HANG TIME HEADQUARTERS — The next time you see Andrew Bynum in a Philadelphia 76ers uniform, you’ll probably be enjoying your Christmas gifts and breaking whatever New Year’s resolutions you’ve made.
That’s right, the Sixers big man has had his liftoff date for the 2012-13 season pushed back yet again, this time until January, according to a report released by the team this morning. This is not what anyone had in mind when the Sixers acquired Bynum from the Los Angeles Lakers in that blockbuster Dwight Howard deal.
He was supposed to usher in Philly’s new era, at least temporarily (he is free agent at season’s end), as the new face of the franchise and the best big man in the Eastern Conference.
Instead, a bone bruise on his right knee has delayed his Sixers debut and will continue to do so, according to that report released by the team:
Andrew received a fresh MRI and was seen again by Dr.

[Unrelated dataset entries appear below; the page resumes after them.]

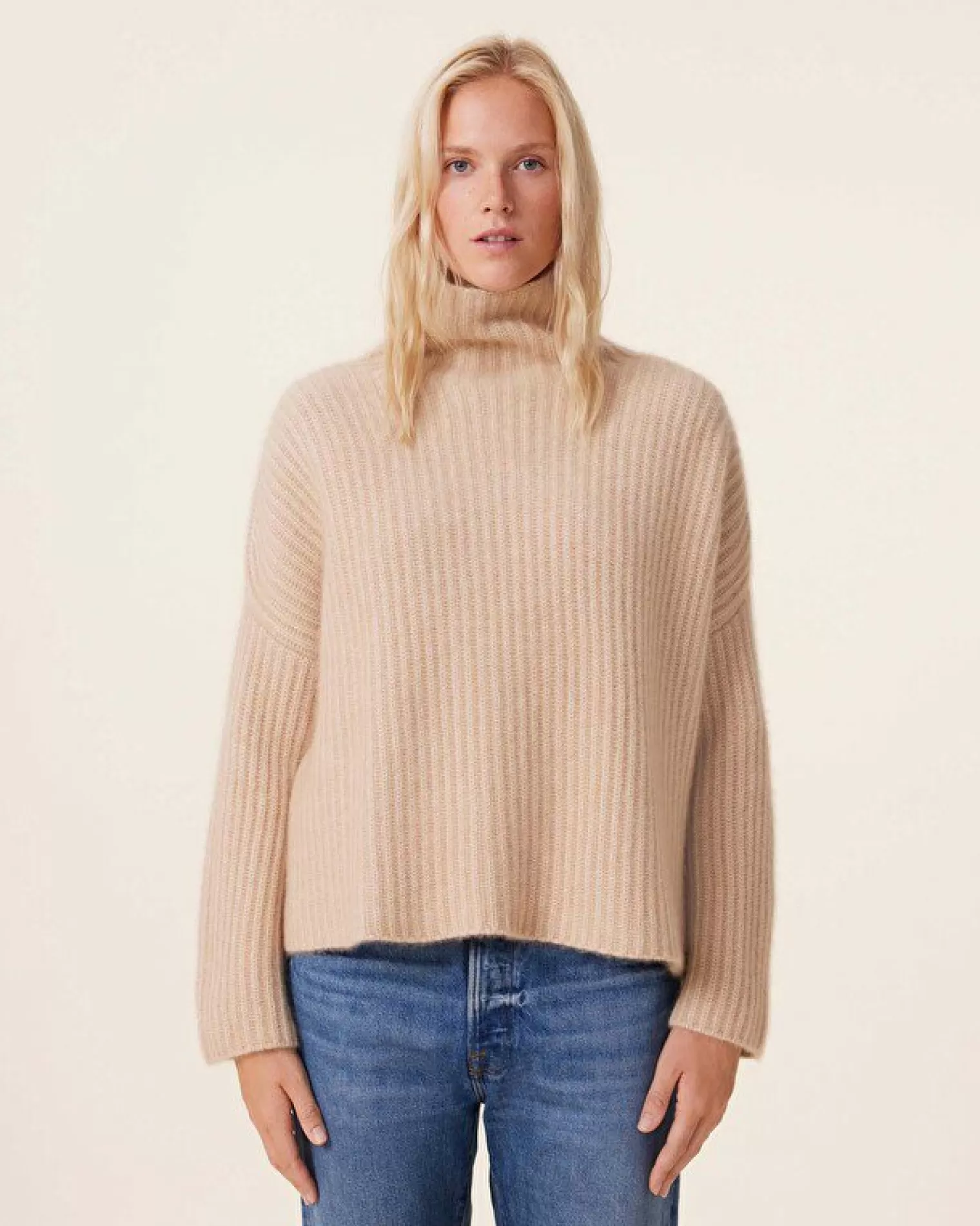 Kujten Sweaters & Sweatshirts>Chimney Neck Oversize Cashmere Sweater, 10-Threads Organique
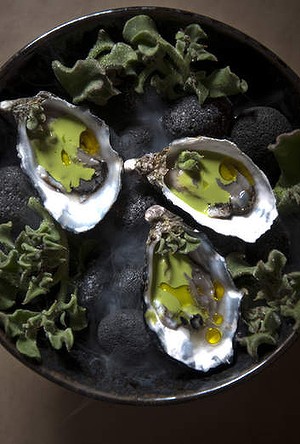 Oysters, watercress emulsion and ice plant.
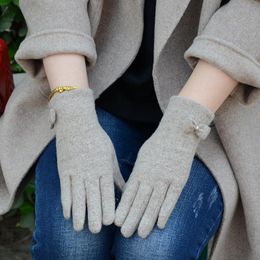 Five Fingers Gloves Women Winter Keep Warm Touch Screen Bow Simple Style Female Elegant Cashmere Thicken Plus Velvet Windproof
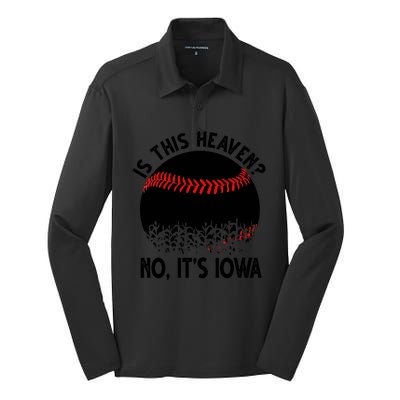 Is It Heaven No It's Iowa Baseball Lover Silk Touch Performance Long Sleeve Polo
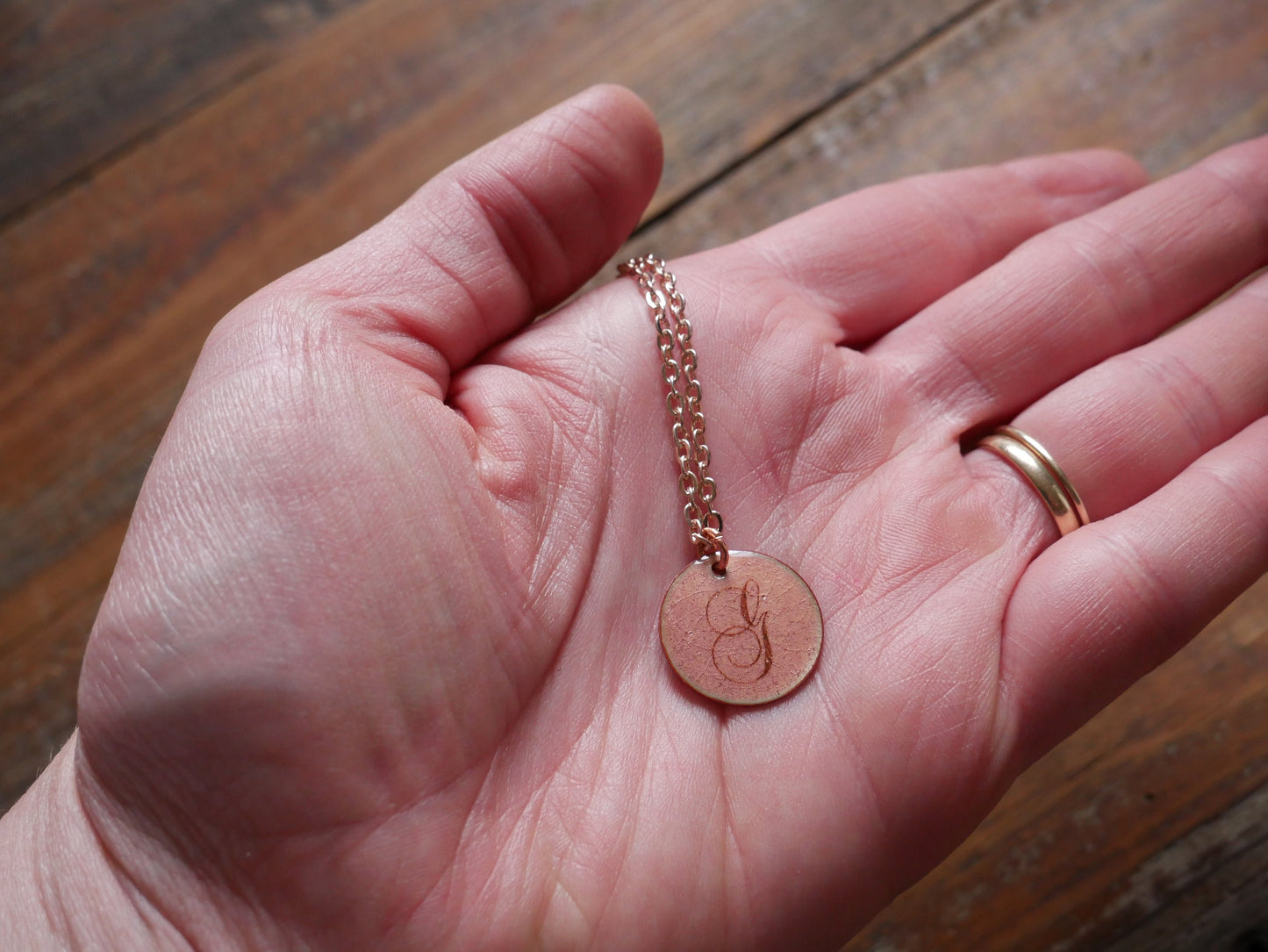 Letter G Initial Necklace * Small Circle Necklace *Initial Necklace for Women *Dainty Necklace *Initial Necklace for Mom * Copper Jewelry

Altchek this past week on Monday, November 5.
At that evaluation, Dr. Altcheck extended Andrew’s return date for a second time by an additional three weeks. However, in what the Sixers believe is an optimistic sign, Dr. Altchek also indicated that Andrew could immediately resume low impact exercise. Low impact exercise for a period of two weeks is to be followed by three weeks of conditioning on an anti-gravity treadmill. The doctors and the team will be closely watching how Bynum’s knee responds during this five-week regimen. Upon successful completion, Bynum is expected to be able to resume normal basketball activity.
If the current prognosis holds unchanged, Bynum would be cleared to resume normal basketball activity by approximately December 10. In addition, the team estimates that Bynum in turn will need an additional 1-4 weeks thereafter for conditioning, training and practice before being able to resume game play with significant minutes.
Tony DiLeo, the 76ers General Manager said, “We know that Sixers fans are eager to see Andrew Bynum play and shine in a 76ers uniform. We also know that no one is more eager to see Andrew play for the Sixers than Andrew himself. He fully realizes the key contribution he can make to the team. Hopefully, that day is coming soon.”
Math wasn’t my strongest subject in college, but if Bynum has another five weeks of “low-impact exercise and conditioning” followed by another “one to four weeks of conditioning, training and practice” before he can play significant minutes, then he’s an afterthought for the Sixers until January, provided there aren’t any other setbacks during these next nine weeks.
The Sixers (4-2) have managed to survive without Bynum so far, a task that will no doubt get more difficult the deeper as the season goes on. But this is the risk they took when they decided to go after a big man with a checkered health history.